Tijdens dat debat zijn veel jaartallen en aantallen gewisseld over wanneer en hoeveel mensen met een arbeidsbeperking onder de baangarantie van sociale partners zullen vallen.

De brief die de staatssecretaris en ik u gisteren stuurden, zet de afspraken rond activering van het quotum op een rij. Zoals uit de kabinetsbrief d.d. 11 april 2013 (Kamerstuk 33 566, nr. 15) blijkt, vloeit uit het akkoord van het kabinet met de sociale partners voort dat werkgevers in de markt (inclusief zorg) zich garantstellen voor 2.500 extra banen in 2014, 5.000 extra banen in 2015 en oplopend met 1.000 banen per jaar naar 10.000 extra per jaar in 2020, tot in 2026 een maximum van 100.000 extra werkenden is bereikt. Deze afspraak zal worden gemonitord; als er onvoldoende banen worden gerealiseerd treedt, na overleg met sociale partners en gemeenten, een quotumregeling in werking met dezelfde aantallen. In 2016 is de eerste meting; dan moeten er 11.000 banen zijn gerealiseerd. Het quotum wordt wettelijk vastgelegd.

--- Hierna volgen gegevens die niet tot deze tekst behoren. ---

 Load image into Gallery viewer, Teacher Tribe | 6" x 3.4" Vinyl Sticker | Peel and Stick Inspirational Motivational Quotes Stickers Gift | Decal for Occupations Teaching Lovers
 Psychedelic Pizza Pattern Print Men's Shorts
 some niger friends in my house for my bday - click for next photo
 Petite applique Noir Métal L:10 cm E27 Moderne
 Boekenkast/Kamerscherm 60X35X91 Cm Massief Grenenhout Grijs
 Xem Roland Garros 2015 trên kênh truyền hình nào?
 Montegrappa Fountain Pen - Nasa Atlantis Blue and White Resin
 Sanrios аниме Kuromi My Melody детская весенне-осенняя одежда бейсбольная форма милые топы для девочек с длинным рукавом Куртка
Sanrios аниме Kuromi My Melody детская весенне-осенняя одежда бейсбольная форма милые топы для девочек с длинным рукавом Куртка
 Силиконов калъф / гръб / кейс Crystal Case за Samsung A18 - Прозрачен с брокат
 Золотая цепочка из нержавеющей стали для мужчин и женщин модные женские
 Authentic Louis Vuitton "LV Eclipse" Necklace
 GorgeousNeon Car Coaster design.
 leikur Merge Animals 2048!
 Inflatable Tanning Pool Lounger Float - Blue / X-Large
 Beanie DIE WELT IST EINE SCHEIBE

Volgens het verslag van uw Kamer zei de heer Pechtold dat in 2015 het getal 5.000 een resultaatsverplichting is. Als in 2016 blijkt dat het in 2015 niet gehaald wordt, gaat het quotum in.

In mijn reactie op deze mededeling heb ik met instemming gereageerd op de bekrachtiging van de niet-vrijblijvendheid van onze afspraken met sociale partners. Ik veronderstelde bekend welke afspraken we met sociale partners hadden gemaakt, namelijk dat het quotum ingaat als de aantallen van 2015 en 2016 (5.000 + 6.000) niet gehaald worden. Ik verwijs voor de afspraken daarbij nogmaals naar de brief van gisteren.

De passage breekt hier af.